Circle Internet Financial, Ltd., a long term go-to place to buy small amounts of bitcoin with a credit or debit card, is no longer going to be a go-to place to buy bitcoin at all. According to an ultra-confusing blog post on the topic, they have decided they are "more than ever" not a bitcoin exchange and as a result will be reallocating resources that support bitcoin trades to do something else unrelated and handing their bitcoin business over to Coinbase.

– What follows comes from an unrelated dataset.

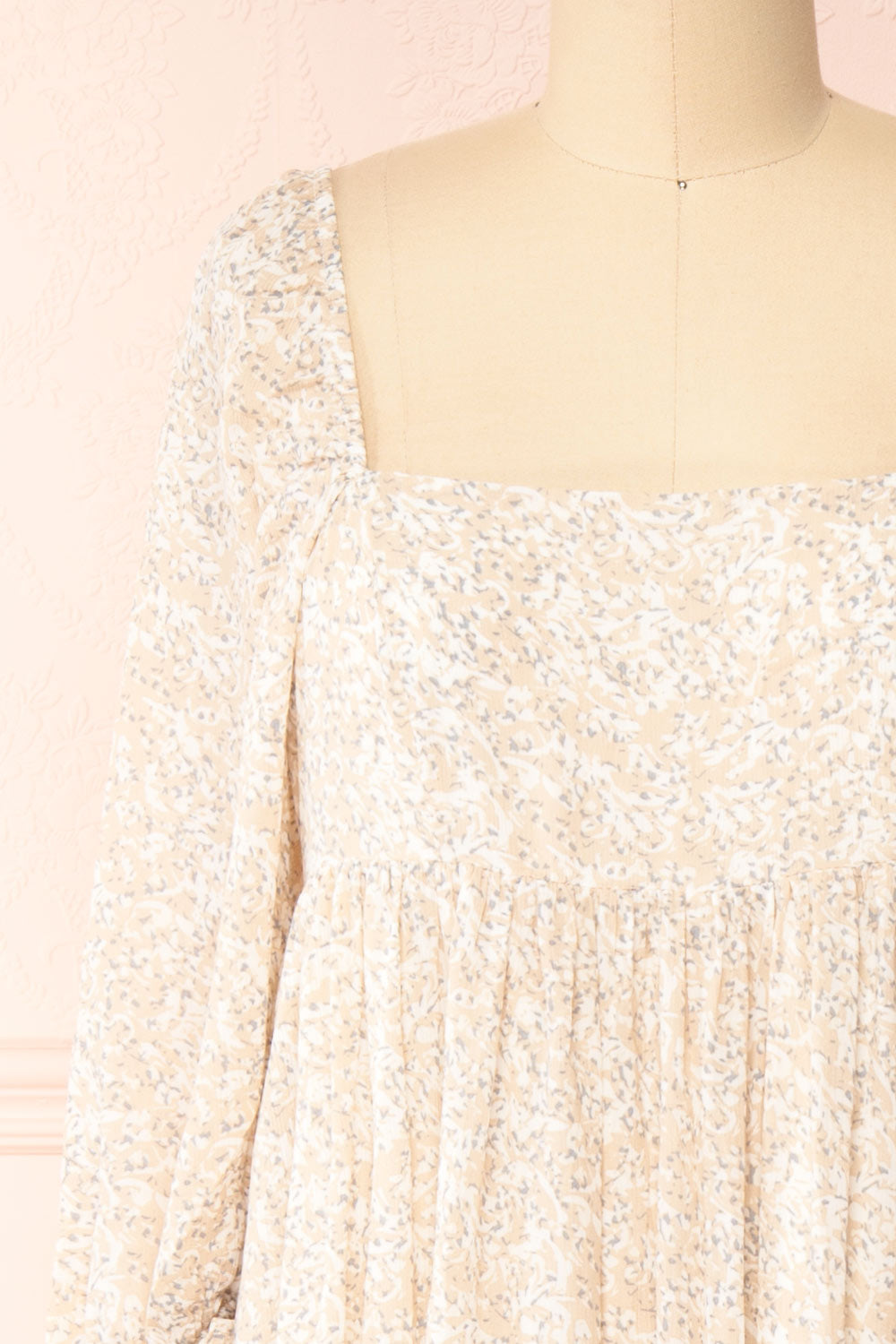 Ninon Patterned Square Neck Maxi Dress | Boutique 1861 front close-up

If that summary doesn't provide crystal clarity, give their opening statement a try:

Today we’re announcing the launch of full messaging features in Circle’s apps and higher deposit limits for customers, forthcoming support for sending and receiving money between Circle and The Philippines and Korea, and the introduction of Spark, a new blockchain-based protocol to facilitate trusted, compliant money transfers between participating individuals and institutions over the Bitcoin network. As part of this launch, we are also eliminating the ability for customers to buy and sell bitcoin directly on Circle, and introducing a new preferred bitcoin exchange partnership with Coinbase.

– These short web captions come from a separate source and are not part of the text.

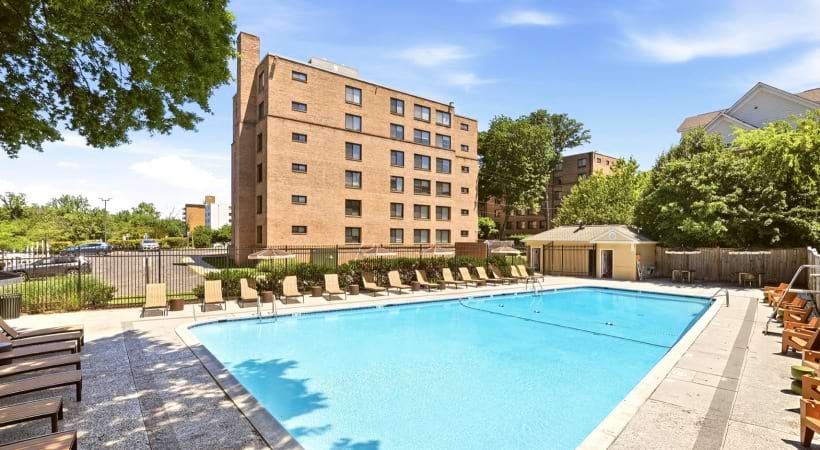Resort-Style Pool and Sun Deck at Our Modern Apartments in Arlington, VA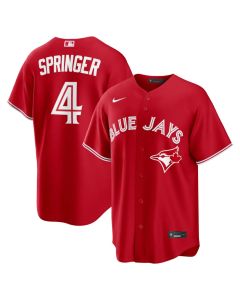 Youth Toronto Blue Jays #4 George Springer Red Canada Day Replica Jersey
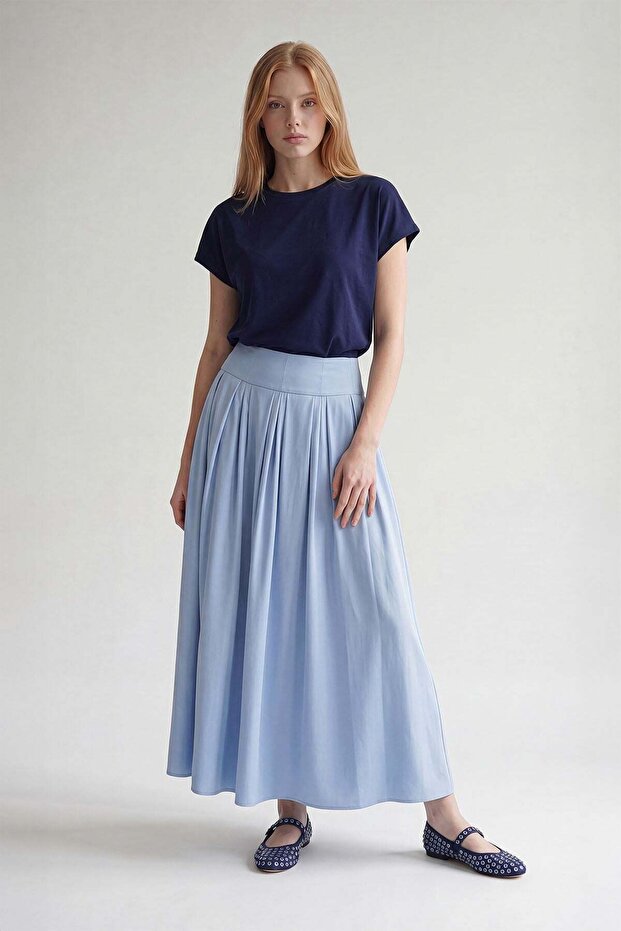 Blue Skirt with Waist Stitching Detail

Sounds like good news for Coinbase anyway. However, this pretty much ends any use of Circle for many users, yours truly included. I used Circle strictly for purchasing bitcoin and as a mobile wallet so as a result of this new direction the company is taking, I will no longer be using Circle for anything at all.

Instead Circle plans to steer the company into the overcrowded person-to-person money transfer business saturated with mobile apps and online services. The only difference is that Circle intends to continue making use of the Blockchain (bitcoin) to facilitate this. Which is cool and all, but we have to point out that this is a different target group of customers so whereas this is still somewhat supportive in the industry, this leaves a large customer base hung out to dry.

Bitcoin Exchange Model

Without any knowledge of the inner-workings at Circle it's impossible to speculate past what the blog post states, however, the direct bitcoin sales at spot costs with a minuscule margin of profit has been perplexing for some time. In general, buying bitcoin with a credit card is an endeavour that one can expect a steep margin of anywhere from 10% to 30% with various markets and re-sellers, yet Circle was doing this for about 2%. Combine that with the fraud prevention and compliance with regulatory frameworks, its hard to see where the profit was. Perhaps this change allows them more room in that regards and as a result, they'll be more profitable.

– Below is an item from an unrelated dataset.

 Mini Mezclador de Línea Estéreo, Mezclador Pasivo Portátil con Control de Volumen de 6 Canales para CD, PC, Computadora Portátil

The blog goes on to talk about messaging apps and a Spark framework among other things, but you have to get past the "slap in the face" of the opening statement to consume the additional information and for many Circle users, there's just no point in doing so since they don't use or have no plans to use other applications the company offers.

Circle has hinted a few times to the fact that they were heading in this direction and have finally made good on their intentions. 

They do make an attempt to explain how they will still be involved in the industry and continue to be supportive of its innovation to the point of even using the blockchain for their new applications, however, the summary of the announcement is overwhelmingly eclipsed with a "Circle is out of the bitcoin business" tone.